About this task → Reproduce verbatim the line containing "Accessoire littéraire : chien" and every line that follows it through the end of the entries below, omitting all pictures.

Exercise inputs →
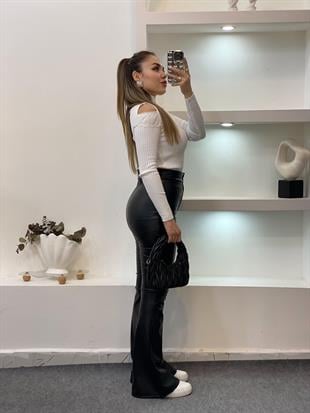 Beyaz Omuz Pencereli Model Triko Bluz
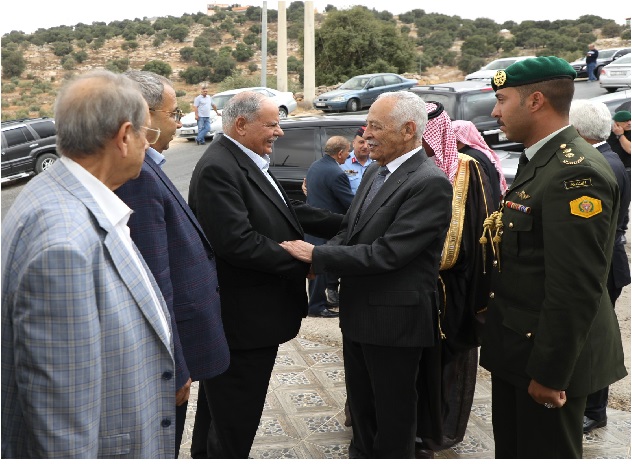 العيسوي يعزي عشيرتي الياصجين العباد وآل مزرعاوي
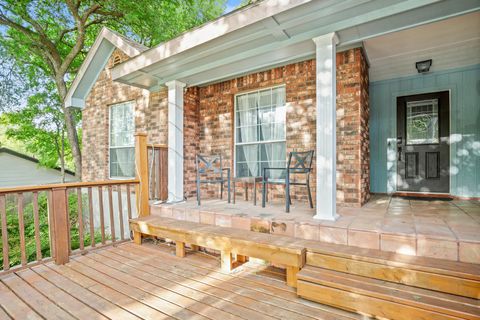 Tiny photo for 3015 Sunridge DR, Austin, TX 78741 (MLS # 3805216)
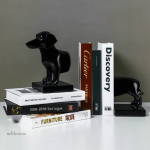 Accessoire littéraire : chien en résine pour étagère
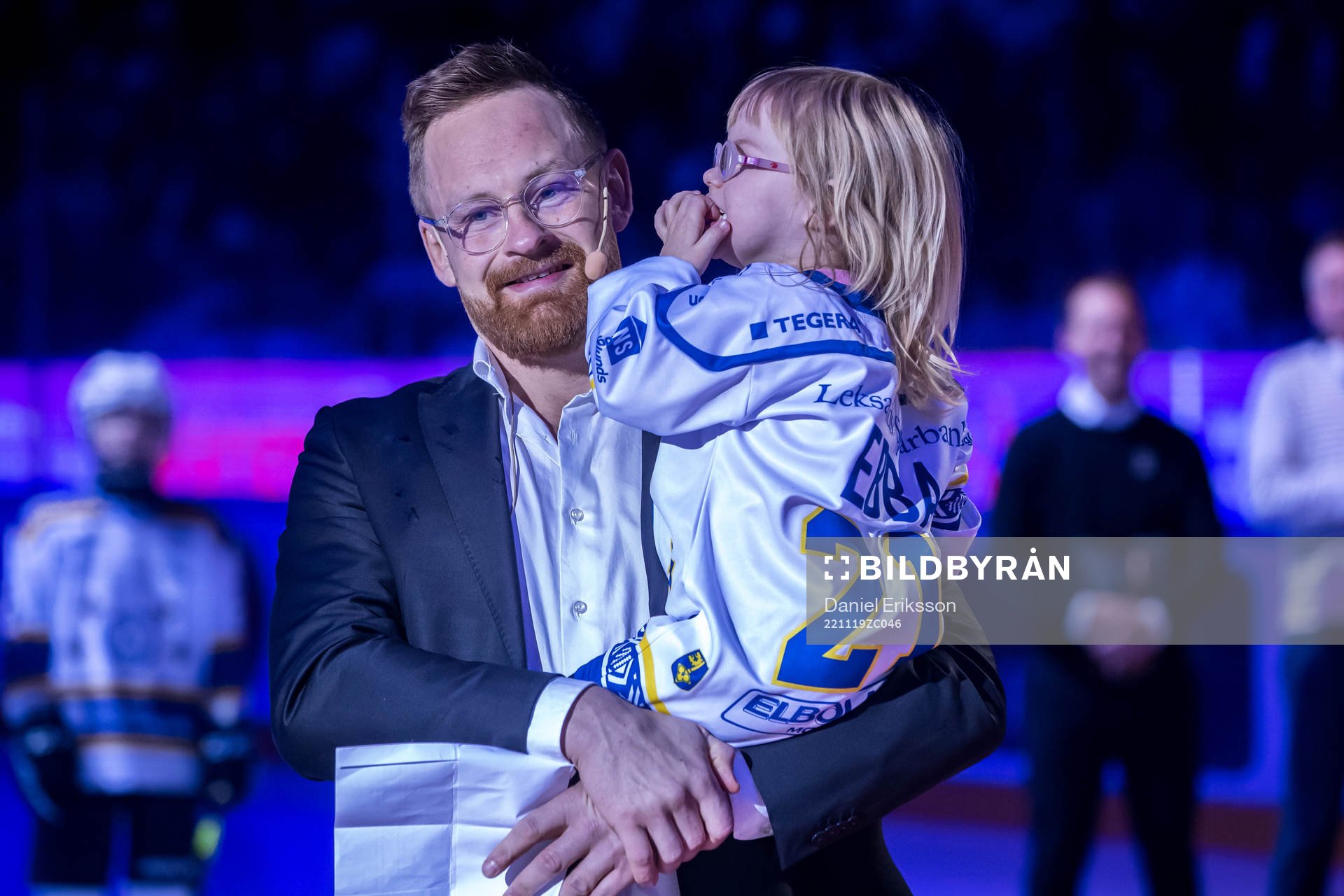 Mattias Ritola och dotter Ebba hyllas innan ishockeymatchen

Finished exercise →
 Accessoire littéraire : chien en résine pour étagère
 Mattias Ritola och dotter Ebba hyllas innan ishockeymatchen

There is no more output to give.